Ислам, первое знакомство
Ислам не казался столько религией, в обыденном понимании этого слова, сколько образом жизни; не столько теологической системой, сколько программой личного и общественного поведения, основанного на осознании Бога. Нигде в Коране я не мог найти ссылки на необходимость в «спасении». Никакого первородного, врожденного греха не стояло между личностью и его судьбой, так как ничего не приписывается человеку, кроме того, к чему он сам стремился. Никакого аскетизма не требуется, чтобы открыть скрытые врата чистоты, так как чистота — врожденное право человека, а грех означает не более чем отклонение от природных положительных качеств, которыми Бог наделил каждого человека.
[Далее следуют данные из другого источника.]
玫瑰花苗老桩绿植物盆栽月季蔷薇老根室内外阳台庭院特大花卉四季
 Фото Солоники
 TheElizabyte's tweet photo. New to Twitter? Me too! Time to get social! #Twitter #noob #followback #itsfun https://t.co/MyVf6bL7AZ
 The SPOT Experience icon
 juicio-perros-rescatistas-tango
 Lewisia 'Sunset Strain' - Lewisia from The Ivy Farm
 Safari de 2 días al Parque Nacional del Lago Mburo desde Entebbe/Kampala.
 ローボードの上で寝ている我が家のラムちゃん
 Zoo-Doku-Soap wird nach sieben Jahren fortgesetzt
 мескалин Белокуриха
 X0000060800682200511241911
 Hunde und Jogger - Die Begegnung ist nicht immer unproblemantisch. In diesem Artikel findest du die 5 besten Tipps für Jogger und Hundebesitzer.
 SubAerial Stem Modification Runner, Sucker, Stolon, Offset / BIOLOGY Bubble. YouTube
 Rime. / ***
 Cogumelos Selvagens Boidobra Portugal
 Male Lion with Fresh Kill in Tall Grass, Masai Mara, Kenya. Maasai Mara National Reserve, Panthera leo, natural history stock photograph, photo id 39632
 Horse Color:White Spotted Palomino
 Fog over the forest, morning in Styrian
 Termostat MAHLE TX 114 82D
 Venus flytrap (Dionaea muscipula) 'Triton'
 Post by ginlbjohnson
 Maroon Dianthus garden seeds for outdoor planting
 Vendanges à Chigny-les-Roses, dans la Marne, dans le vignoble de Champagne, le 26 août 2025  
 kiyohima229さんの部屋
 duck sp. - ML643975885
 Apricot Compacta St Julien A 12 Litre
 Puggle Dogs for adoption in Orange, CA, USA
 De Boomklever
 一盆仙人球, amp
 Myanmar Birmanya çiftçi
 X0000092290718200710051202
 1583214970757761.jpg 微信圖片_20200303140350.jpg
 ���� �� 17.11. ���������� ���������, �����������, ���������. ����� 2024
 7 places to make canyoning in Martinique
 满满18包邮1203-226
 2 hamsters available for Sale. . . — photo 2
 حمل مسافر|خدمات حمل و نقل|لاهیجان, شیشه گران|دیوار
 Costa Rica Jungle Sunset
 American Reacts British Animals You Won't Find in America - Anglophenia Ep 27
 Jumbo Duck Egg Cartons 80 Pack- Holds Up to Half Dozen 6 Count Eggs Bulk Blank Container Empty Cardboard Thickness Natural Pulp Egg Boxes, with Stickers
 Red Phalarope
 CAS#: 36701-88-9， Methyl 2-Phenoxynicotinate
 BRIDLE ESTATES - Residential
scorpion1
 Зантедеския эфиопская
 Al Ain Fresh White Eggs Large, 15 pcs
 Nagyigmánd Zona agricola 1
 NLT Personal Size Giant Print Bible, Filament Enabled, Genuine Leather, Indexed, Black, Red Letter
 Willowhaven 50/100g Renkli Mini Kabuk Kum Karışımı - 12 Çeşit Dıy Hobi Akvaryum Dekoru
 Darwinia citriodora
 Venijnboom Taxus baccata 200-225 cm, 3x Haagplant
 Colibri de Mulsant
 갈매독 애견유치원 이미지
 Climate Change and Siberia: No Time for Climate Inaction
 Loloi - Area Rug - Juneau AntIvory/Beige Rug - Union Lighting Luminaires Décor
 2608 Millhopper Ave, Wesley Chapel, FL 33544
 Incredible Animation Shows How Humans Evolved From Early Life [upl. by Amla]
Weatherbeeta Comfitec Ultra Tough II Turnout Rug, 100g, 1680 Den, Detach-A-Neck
Нет и следа дуализма в рассмотрении человеческой природы: тело и душа воспринимаются как одно неотъемлемое целое.
Сначала я был немного поражен озабоченностью Корана не только духовными аспектами, но также многими, кажущимися тривиальными, мирскими сторонами жизни; но со временем я начал понимать, что если человек является на самом деле нераздельным целым из тела и души, точно так, как настаивал на этом Ислам, то ни один аспект его жизни не может быть слишком «банальным», чтобы войти в компетенцию религии. Со всем этим Коран ни на миг не позволял своим последователям забыть, что жизнь в этом мире — лишь один из этапов путешествия человека к наивысшему существованию, а его конечная цель — цель духовного характера. Материальное благополучие, говорилось, желательно, но не является самоцелью, и, следовательно, человеческие склонности, хотя и оправданы сами по себе, должны быть ограничены и контролируемы моральным сознанием. Это сознание должно иметь отношение не просто к связи человека с Богом, но также к его взаимоотношениям с людьми; не только к духовному совершенствованию личности, но также к созданию таких общественных условий, которые были бы благоприятными для духовного развития всех, так чтобы все могли жить в полноте...
Все это было интеллектуально и этически намного более «приемлемым», чем все, что я прежде слышал или читал об Исламе. Его подход к проблемам духа казался глубже, чем подход Ветхого Завета, и к тому же был лишен предпочтения одной избранной нации; а его подход к проблемам плоти был, в отличие от Нового Завета, решительно утвердительным. Дух и плоть стояли, каждый в своем праве, как сочетающиеся стороны Богом созданной жизни человека.
Может быть, именно это учение, спрашивал я себя, было ответственно за эмоциональное спокойствие, которое я уже так долго ощущал в арабах?